What is needed:
In the material below, find the line with "Nike Dunk Low 'Light Orewood Brown'" and the line with "Implementación de una". Output exactly those two lines and all lines between them, leaving out pictures.

Input data:

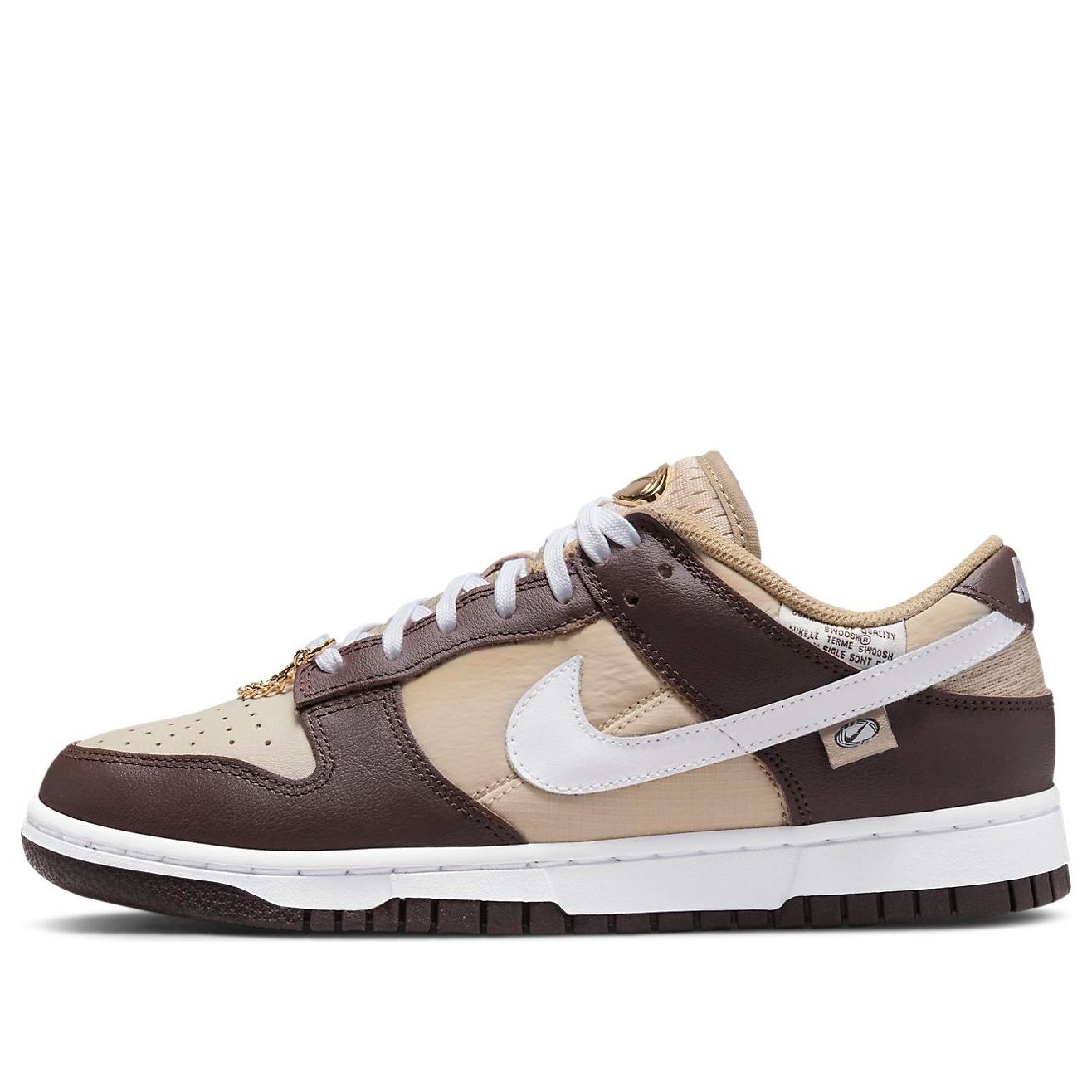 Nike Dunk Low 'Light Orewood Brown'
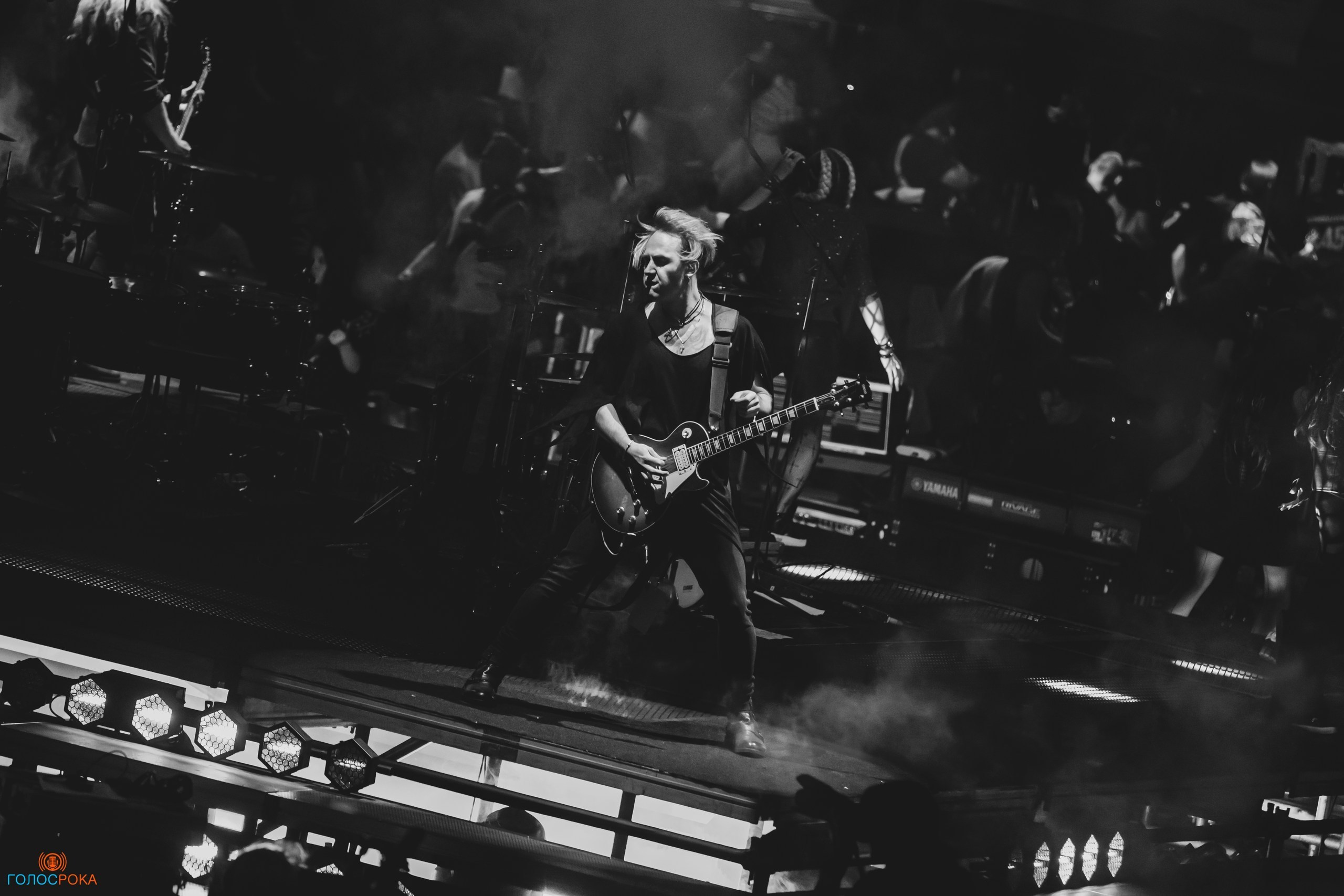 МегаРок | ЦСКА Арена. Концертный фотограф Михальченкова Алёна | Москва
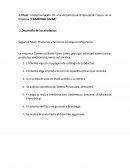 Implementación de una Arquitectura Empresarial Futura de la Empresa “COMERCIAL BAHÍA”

---

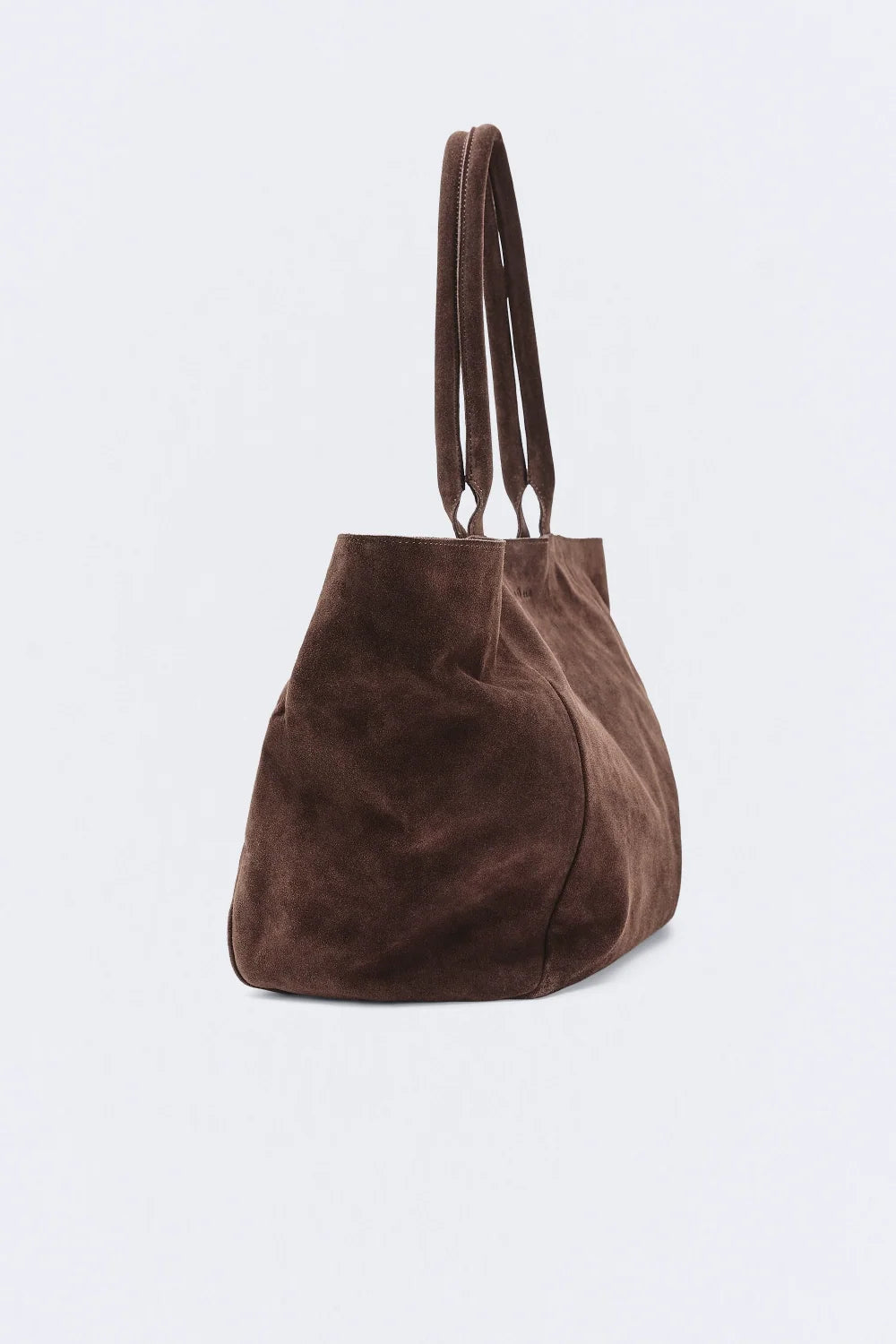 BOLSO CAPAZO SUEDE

Result below:
 Nike Dunk Low 'Light Orewood Brown'
 МегаРок | ЦСКА Арена. Концертный фотограф Михальченкова Алёна | Москва
 Implementación de una Arquitectura Empresarial Futura de la Empresa “COMERCIAL BAHÍA”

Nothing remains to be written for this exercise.